[Source records]
========================

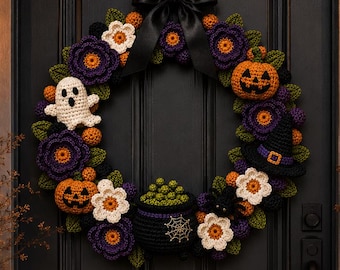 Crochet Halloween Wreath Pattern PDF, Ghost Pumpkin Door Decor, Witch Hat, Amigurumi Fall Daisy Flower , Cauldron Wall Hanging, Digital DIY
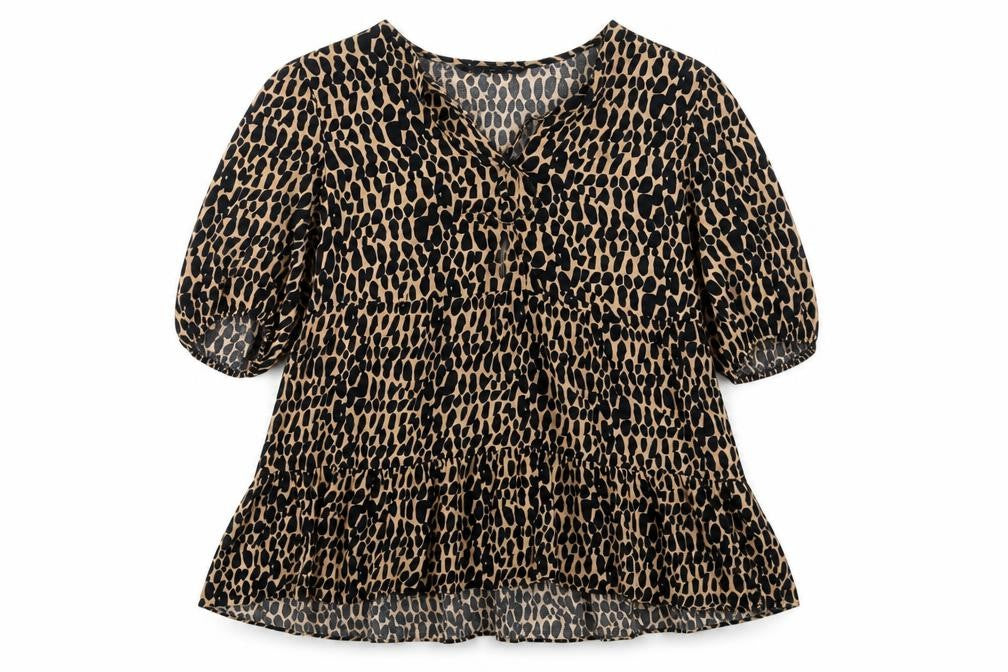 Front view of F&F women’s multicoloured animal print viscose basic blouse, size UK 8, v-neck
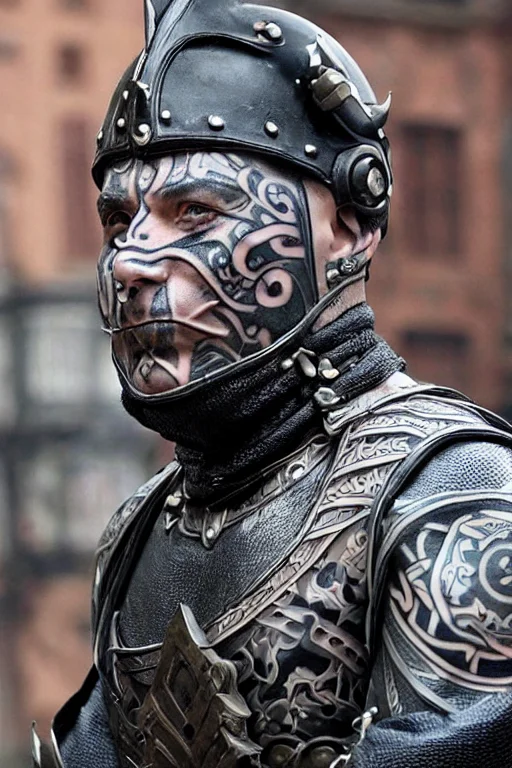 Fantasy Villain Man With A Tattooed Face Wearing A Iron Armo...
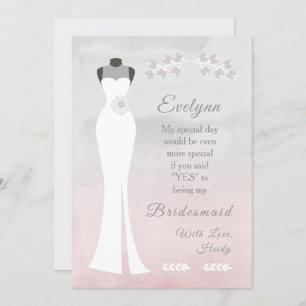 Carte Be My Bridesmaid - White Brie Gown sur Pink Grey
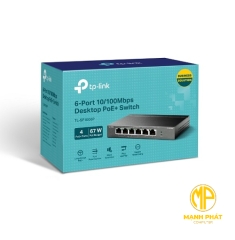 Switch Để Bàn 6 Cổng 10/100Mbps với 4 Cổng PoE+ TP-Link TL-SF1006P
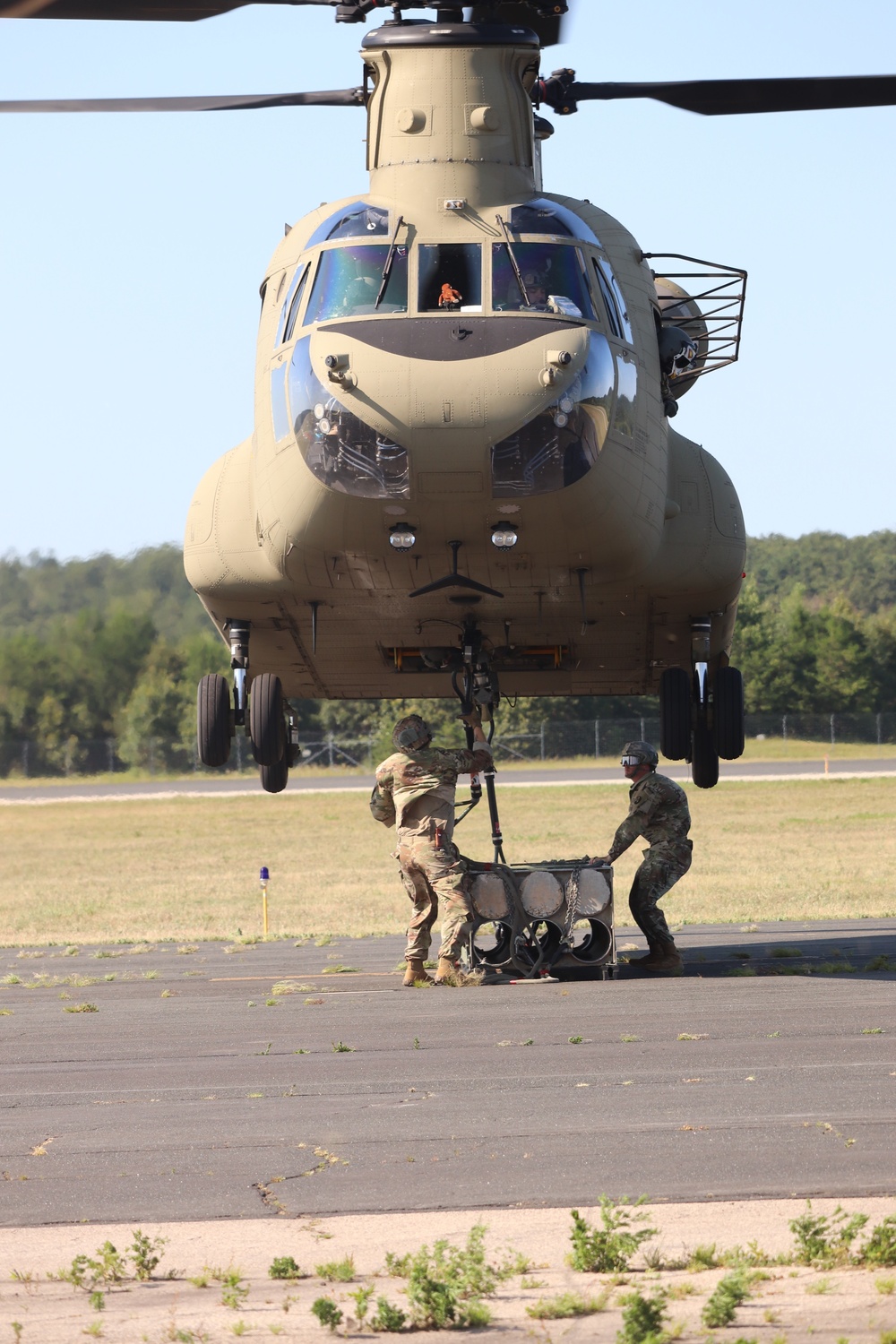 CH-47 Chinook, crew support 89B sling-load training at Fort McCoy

========================

Lines starting at the one with "Switch Để Bàn" and ending at the last line of the entries above must be restated word for word, with pictures omitted.

Exercise answer -
 Switch Để Bàn 6 Cổng 10/100Mbps với 4 Cổng PoE+ TP-Link TL-SF1006P
 CH-47 Chinook, crew support 89B sling-load training at Fort McCoy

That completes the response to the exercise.